Short text fragments from websites
------------------------------------------------

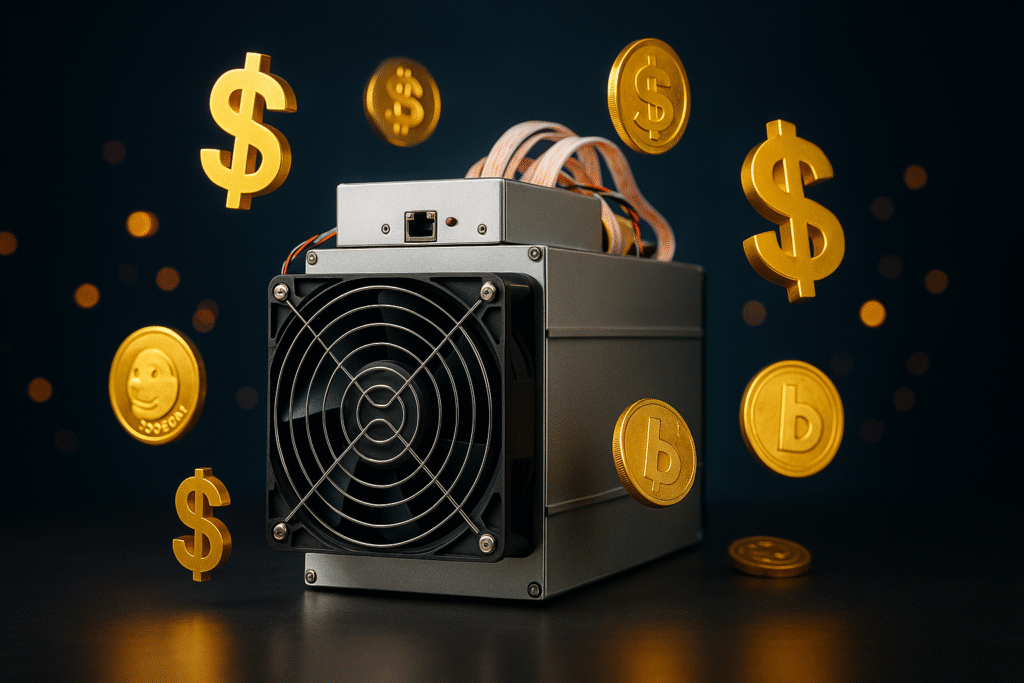 Best Bitcoin Mining Machines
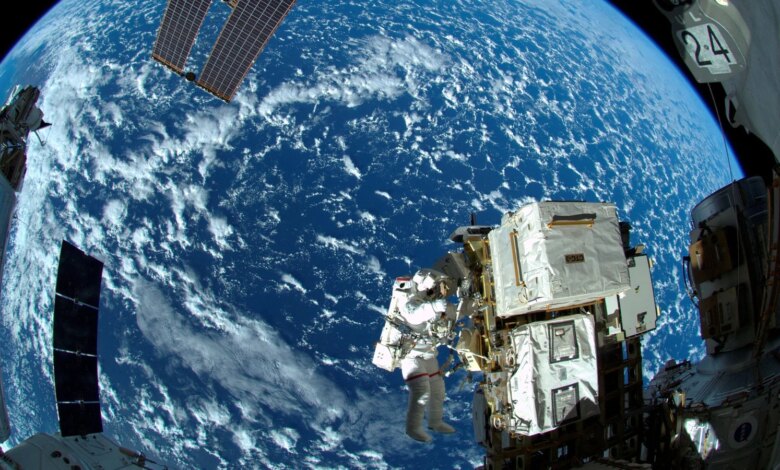 NASA explains how the International Space Station benefits humanity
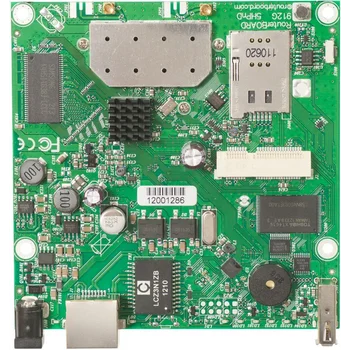 Плата Mikrotik RB912UAG-5HPnD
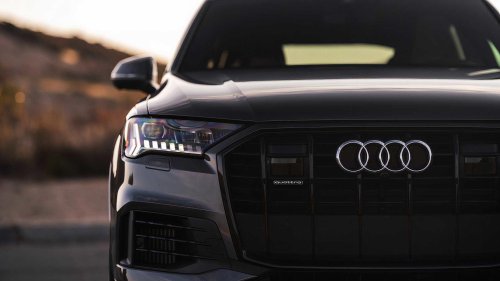 SUV, The luxury SUV that delivers high-end comfort with low-stress ownership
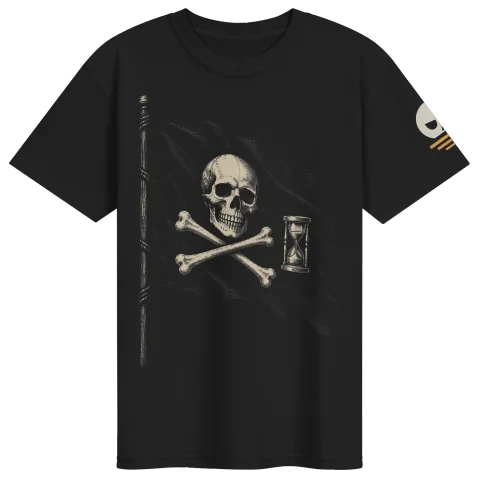 Pirate Flag of 1700 Tee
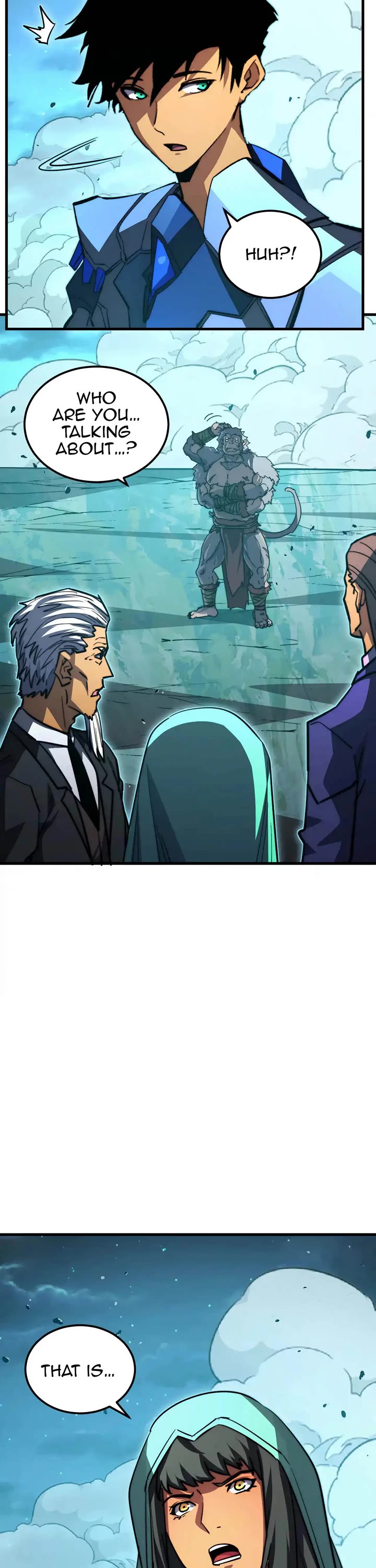 Rise From the Rubble Chapter 292 page 17 - Chapter 292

------------------------------------------------

- [Try it]
Pictures don't belong in the copy. Retype exactly the lines from the one with "NASA explains how" through the last line of the records.

- [Answer to this problem]
 NASA explains how the International Space Station benefits humanity
 Плата Mikrotik RB912UAG-5HPnD
 SUV, The luxury SUV that delivers high-end comfort with low-stress ownership
 Pirate Flag of 1700 Tee
 Rise From the Rubble Chapter 292 page 17 - Chapter 292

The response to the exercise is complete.